I’ve been considering the idea of accessible navigation recently. Not specific methods of making navigation accessible, which are part of what I discussed in a post on designing with accessibility in mind, but on the whole idea of what makes navigation accessible.

The principle behind accessible navigation is about providing access to content – not necessarily about creating a menu which can be used by people with disabilities. It’s critical to provide access to your content – but not to make a visually impaired visitor use the same method to get there as a sighted user.

Take a fairly standard dropdown menu as an example. These can be coded very simply in nested lists with CSS. Only a tiny amount of JavaScript is required to make the menu function correctly in Internet Explorer 6. Still, that same menu doesn’t provide access to many documents if a user is using Internet Explorer 6 without JavaScript enabled or if they must navigate using their keyboard. The scripting requirements to make a keyboard accessible dropdown are quite a bit more extensive. Not insurmountable, but still extensive – and with scripting disabled, a little bit strange.

But making the menu accessible isn’t necessarily the most important thing to do. It’s making the content available which should take precedent. Coming back to the idea of a common drop-down menu, a simple method to stop worrying about making those extra parts of the menu perfect is to create intermediary pages.

Thinking from the perspective of information architecture, it hardly seems unreasonable to expect a container for the information within a menu.
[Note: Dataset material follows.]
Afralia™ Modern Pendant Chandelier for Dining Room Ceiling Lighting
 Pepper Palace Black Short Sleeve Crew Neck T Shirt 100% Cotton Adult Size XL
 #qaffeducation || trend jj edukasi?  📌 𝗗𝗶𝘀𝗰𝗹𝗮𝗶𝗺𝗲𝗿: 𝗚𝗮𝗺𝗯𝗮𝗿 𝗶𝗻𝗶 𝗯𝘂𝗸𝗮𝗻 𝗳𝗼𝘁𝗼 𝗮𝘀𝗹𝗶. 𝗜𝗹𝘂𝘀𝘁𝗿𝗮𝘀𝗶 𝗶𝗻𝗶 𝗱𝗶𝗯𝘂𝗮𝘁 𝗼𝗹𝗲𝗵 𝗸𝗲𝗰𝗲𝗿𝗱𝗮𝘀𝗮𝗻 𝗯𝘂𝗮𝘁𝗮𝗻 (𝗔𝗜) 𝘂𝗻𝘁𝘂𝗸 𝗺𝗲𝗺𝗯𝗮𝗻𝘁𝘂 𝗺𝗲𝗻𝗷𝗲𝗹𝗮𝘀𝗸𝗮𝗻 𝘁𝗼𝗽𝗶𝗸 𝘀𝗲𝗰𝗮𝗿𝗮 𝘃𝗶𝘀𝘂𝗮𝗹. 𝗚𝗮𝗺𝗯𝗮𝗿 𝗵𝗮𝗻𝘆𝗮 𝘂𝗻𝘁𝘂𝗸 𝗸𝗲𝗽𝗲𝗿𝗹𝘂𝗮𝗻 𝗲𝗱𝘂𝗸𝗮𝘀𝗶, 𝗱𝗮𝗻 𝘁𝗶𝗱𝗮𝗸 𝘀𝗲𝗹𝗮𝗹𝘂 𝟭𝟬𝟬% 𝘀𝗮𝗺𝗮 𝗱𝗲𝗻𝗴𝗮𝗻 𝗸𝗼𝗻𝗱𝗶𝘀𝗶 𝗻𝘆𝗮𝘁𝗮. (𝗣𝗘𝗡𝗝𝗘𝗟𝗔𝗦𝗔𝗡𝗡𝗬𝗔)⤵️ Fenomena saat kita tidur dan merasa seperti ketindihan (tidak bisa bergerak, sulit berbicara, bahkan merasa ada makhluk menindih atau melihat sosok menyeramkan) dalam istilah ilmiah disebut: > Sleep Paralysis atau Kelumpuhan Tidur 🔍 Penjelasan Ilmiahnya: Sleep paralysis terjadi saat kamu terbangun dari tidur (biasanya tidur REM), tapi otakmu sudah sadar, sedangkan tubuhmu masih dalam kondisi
So create those top-level pages. Rather than only having a menu which requires you to hover over “Dinner” to retrieve the links to the various entrée served, you’ll dedicate a page to listing this information. Viewed from the perspective of a restaurant menu, it seems obvious that you’ll want a page dedicated to listing your meals. A website then provides the added bonus of allowing you to create additional pages for each meal, where you can provide more information.

Yet many websites neglect the top-level category page. Rather than providing this access to their information, that first link is just a placeholder to hold a spot for the drop-down beneath. This small oversight can have an enormous impact on the overall usability of your website. Create redundancy. If you’ve implemented a method of content access which has questionable accessibility, provide an alternative. Make sure that every piece of information on your site is available using a simple, easily navigable link and you’ll have done 90% of what’s needed to get your point across to your site’s visitors.

Web accessibility isn’t about making certain every visitor to a site has an identical experience. Trust me; they won’t. A sighted user may be wowed by your beautiful flash navigation even while they’re horribly frustrated by your puzzling navigation scheme — a visually impaired user will just be frustrated. You need to focus on providing a satisfying experience to every user, regardless of access tools or personal capabilities.